»»
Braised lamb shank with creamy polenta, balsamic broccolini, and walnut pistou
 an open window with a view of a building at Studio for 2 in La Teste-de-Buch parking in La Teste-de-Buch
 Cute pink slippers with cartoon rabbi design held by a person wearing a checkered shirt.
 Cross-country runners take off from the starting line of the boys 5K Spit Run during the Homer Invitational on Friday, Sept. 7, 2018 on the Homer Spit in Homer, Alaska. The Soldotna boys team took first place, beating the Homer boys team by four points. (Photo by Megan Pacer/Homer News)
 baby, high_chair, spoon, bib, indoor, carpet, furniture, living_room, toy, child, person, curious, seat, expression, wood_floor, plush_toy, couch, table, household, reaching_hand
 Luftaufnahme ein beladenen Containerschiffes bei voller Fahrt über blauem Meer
««
Among the lines of the data, which ones contain the word "with"? Show them.

Braised lamb shank with creamy polenta, balsamic broccolini, and walnut pistou
 an open window with a view of a building at Studio for 2 in La Teste-de-Buch parking in La Teste-de-Buch
 Cute pink slippers with cartoon rabbi design held by a person wearing a checkered shirt.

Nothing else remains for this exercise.